# The Galloping Ghosts



## mark_schaeffer (Mar 15, 2017)

Searching for the spelling 
to google a classmate’s name, 
I wrench my high school yearbook, 
The Oracle, from boiled finance papers 
in the hutch. Hurdles or goalposts 
on a green border fan into white.
Inside, puckered oblong faces 
aim above camera; flips and crew cuts 
trade pages with bouffants and pompadours.
A senior’s outstretched arm braces the Tower of Pisa.  
Our avatars pop up in pairs: 
the Most Popular confidently steer a corner, 
the Most Likely to Succeed sandwich 
between the long gone and the long lost.
The skirts of the cheerleading squad 
brush the ground like an honor guard;
the one I wanted looks like Nikki Charm.
Mike Sachs, our wizard, looks like Malcolm X;
Key Club, Photography, Latin 1, 2, 3 -
is this my school?
Our voices manufactured, pre-War.

Seeing Juniors, I stalk murky images 
of teams and clubs for two world-class hotties.
Our Best Looking pose on a staircase,
april skinned Amy Foster, fawn-
like in a cardigan with chalet.
How come I never looked at her?
The ones I chased don’t look quite right.

In the gymnasium, the fleecy roll call
slanted higher as who was voted best 
at what detonated, subject by subject.
With so little beside my name, 
I tally those with only name and address.
A photo coils in the wishes 
of a golf team rival: “To the best number 
2, 3, 4 or 5 on the planet.” 
I find my classmate - her picture’s next to mine.

Obviously not shown: coming downstairs
for the first hop in gold blazer,
plaid shirt, red vest & white tie.
“At least take one piece off,” my father tooted.
Navy suits were still a mystery 
as I orbited the plum-hued vixen
I told everyone I’d set my sights on.
Under sudden fronds, I lasted thirty seconds.
The odd things that come back:
locker combinations, integrals, a lucky punch.
A throw in gym that took the legs out
from under the Best Looking.
Friends who didn’t serve, missing in action.  
Turning pages, I relive reunions I never went to. 
In lives filled with choice,
glad tidings celebrate what we didn’t get.
We’re all Honors students now.


----------



## j.w.olson (Mar 15, 2017)

Nicely done. I started reading this and pretty quickly figured it was filled with too much realism to be my kind of poem, but chose to keep going. I'm glad I did. You brought up insightful reflections that I can relate to, which pulled me in, and your writing is very clean and thoughtful, which kept me going. I like where I ended up.

Many good lines, but the two that stand out still post-reading are "The ones I chased don’t look quite right" and "I relive reunions I never went to."
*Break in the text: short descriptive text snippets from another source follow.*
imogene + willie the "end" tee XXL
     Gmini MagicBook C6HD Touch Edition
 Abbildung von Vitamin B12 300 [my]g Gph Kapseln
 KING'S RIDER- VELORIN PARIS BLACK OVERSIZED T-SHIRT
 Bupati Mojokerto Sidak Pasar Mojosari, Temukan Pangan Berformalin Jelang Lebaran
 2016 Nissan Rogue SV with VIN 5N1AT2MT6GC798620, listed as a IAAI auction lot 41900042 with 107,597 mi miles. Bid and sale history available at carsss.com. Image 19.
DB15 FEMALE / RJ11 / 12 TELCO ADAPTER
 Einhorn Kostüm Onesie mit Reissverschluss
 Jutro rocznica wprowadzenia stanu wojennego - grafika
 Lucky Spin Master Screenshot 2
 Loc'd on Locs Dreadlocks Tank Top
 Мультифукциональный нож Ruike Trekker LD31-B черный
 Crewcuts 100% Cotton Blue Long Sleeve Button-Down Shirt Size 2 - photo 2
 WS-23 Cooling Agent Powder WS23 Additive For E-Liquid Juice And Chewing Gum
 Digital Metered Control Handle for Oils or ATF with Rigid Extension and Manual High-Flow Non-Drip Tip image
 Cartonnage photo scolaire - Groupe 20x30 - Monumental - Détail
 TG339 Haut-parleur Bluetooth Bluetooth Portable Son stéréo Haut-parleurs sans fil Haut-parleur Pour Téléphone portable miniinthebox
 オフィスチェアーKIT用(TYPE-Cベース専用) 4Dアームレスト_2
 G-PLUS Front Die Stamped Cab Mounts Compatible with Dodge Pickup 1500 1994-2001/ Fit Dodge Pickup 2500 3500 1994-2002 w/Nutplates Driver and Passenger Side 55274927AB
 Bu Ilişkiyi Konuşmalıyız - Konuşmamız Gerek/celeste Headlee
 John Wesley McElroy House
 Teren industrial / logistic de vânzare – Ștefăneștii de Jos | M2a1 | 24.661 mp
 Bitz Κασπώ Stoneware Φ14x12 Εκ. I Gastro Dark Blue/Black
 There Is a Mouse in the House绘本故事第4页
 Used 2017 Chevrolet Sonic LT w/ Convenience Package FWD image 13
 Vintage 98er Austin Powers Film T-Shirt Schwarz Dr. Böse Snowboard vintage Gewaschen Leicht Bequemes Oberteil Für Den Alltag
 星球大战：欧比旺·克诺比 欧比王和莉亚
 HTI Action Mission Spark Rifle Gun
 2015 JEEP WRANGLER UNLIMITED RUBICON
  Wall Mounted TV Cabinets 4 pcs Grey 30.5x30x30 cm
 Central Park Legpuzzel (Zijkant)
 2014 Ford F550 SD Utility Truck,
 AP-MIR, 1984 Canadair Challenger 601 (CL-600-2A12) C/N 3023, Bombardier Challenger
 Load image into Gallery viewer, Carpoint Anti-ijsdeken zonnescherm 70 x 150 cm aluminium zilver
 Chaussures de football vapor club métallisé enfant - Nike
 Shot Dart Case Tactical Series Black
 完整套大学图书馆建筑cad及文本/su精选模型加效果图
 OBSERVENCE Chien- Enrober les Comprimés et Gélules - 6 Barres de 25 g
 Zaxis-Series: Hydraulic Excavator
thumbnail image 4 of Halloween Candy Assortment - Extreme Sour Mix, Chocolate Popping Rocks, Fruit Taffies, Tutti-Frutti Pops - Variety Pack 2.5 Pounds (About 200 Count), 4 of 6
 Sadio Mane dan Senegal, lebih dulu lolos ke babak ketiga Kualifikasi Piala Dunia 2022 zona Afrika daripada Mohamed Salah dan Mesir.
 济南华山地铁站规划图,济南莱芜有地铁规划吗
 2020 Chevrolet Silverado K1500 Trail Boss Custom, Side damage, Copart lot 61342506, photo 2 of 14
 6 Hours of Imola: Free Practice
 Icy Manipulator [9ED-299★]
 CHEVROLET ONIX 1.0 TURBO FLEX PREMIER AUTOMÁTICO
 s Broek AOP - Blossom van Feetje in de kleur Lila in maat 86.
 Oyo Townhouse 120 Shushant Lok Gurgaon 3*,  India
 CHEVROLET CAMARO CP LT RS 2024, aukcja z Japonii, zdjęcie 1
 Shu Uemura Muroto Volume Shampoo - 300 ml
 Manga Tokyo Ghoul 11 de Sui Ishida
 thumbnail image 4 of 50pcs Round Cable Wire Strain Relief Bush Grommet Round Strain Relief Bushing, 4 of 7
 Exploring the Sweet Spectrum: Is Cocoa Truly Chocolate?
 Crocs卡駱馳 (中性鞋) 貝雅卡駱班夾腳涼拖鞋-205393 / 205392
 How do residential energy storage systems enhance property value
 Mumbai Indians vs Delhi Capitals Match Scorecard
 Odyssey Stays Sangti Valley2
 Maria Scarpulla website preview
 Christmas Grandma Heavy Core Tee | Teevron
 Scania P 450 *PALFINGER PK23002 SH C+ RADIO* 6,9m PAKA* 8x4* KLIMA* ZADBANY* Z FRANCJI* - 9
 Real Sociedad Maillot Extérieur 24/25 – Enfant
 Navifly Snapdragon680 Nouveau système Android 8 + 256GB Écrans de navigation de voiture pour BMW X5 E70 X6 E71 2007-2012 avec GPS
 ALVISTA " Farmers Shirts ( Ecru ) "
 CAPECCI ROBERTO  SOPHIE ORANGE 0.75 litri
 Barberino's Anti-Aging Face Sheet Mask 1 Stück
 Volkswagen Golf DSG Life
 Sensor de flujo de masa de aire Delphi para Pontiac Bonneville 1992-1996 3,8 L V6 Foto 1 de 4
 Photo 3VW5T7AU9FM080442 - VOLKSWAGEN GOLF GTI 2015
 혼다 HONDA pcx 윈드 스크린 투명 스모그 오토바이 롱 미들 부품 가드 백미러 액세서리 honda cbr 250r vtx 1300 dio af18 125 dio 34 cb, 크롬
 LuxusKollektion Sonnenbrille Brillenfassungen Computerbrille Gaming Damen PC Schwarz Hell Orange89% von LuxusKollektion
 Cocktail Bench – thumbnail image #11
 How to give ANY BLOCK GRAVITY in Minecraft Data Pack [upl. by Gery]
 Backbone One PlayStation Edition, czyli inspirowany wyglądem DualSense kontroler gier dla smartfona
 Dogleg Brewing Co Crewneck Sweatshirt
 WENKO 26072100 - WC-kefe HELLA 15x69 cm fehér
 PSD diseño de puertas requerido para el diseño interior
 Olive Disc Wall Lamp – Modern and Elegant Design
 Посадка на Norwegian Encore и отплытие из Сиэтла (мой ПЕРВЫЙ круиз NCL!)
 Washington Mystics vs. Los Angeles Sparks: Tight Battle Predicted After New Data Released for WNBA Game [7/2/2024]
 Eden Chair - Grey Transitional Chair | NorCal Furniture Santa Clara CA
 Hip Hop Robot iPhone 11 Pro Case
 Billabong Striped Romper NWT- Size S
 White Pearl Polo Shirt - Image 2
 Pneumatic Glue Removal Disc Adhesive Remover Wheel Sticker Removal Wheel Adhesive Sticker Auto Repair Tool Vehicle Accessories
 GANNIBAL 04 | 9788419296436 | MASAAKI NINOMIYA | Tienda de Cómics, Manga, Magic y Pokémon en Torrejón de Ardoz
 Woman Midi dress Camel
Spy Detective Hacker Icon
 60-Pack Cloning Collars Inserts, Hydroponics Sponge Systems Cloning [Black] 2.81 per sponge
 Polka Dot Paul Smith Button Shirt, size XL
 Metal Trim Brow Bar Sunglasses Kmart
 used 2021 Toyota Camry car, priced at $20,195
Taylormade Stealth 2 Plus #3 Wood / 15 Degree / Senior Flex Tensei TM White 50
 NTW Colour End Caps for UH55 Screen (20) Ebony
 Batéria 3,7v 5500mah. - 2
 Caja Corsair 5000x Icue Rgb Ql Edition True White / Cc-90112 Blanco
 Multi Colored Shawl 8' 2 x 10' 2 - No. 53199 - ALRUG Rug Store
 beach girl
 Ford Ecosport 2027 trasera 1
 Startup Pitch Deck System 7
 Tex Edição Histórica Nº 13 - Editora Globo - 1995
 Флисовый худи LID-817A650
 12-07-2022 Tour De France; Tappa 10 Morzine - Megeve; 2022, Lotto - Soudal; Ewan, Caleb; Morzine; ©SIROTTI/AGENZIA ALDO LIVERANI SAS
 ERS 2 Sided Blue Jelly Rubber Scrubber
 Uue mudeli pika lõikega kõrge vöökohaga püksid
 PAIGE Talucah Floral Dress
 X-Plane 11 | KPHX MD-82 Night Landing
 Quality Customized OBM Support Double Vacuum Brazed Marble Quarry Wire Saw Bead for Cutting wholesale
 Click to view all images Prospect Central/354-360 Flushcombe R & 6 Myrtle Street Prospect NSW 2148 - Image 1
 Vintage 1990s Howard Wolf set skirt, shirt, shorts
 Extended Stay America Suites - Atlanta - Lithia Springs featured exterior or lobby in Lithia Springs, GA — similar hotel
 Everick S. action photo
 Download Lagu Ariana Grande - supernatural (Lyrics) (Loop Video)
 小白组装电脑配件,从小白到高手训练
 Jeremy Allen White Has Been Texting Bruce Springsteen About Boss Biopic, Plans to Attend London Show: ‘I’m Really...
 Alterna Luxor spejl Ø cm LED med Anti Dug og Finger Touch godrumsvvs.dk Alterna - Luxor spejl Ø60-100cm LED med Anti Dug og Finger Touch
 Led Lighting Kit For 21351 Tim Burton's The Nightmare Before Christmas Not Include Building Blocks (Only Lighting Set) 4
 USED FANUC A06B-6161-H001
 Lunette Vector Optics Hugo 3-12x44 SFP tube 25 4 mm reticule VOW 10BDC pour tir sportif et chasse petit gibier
Solid poem. If anything, in revision, consider doing more with the military theme buried in it? The title also led me to expect a rather different poem.


----------



## sas (Mar 15, 2017)

Love this. And, yes, a poem. I am trying to write mine with more prose (so, my family understands them without the "cliff notes" I must provide). 
Forgive me, but I know it must be Vietnam War you insert. That meant "the draft" (glad tidings, too subtle) which gave "no choice" for the future of some. Many of my 1962 graduating friends did not make our 10th reunion. Therefore, forgive me for suggesting any change to this poem....consider:

Friends who didn’t serve; missing in action. 
In lives filled with choice, or some no choice,
glad tidings celebrate what we didn’t get.
Turning pages, I relive reunions I never went to. 
We’re all Honors students now.

Note: I was not English major, but felt semi-colon should be used between "serve;missing".  Otherwise, it looked like those who served were also missing. And, "no choice" I felt, too important an impact, on our generation, not to include. Hope you feel the same.  

Nice work, pal.  sas
.


----------



## mark_schaeffer (Mar 15, 2017)

sas said:


> Friends who didn’t serve; missing in action.
> In lives filled with choice, or some no choice,
> glad tidings celebrate what we didn’t get.
> Turning pages, I relive reunions I never went to.
> We’re all Honors students now.



Friends who didn't serve, missing in action.         ---- comma intended, saying the friends who didn't serve are also MIA - have severed all ties with high school


In lives filled with choice                                  ---- jumps forward to the present time, classmates are now able to look back on their lives


Nice try.


----------



## dannyboy (Mar 16, 2017)

enjoyed the read, thank you


----------



## mark_schaeffer (Mar 16, 2017)

dannyboy said:


> enjoyed the read, thank you



Any thoughts on how I can improve it?


----------



## sas (Mar 16, 2017)

mark_schaeffer said:


> Friends who didn't serve, missing in action.         ---- comma intended, saying the friends who didn't serve are also MIA - have severed all ties with high school
> 
> 
> In lives filled with choice                                  ---- jumps forward to the present time, classmates are now able to look back on their lives
> ...




LOL at "nice try". Guess I'll need to write my own reunion poem about Vietnam classmates gone missing. It took an astonishing toll. It's becoming just history to some. It's personal with me. Your poem was perfect for one. Perfect.


----------



## Ariel (Mar 16, 2017)

You've created an identifiable poem here. Any person with the American high school experience can relate.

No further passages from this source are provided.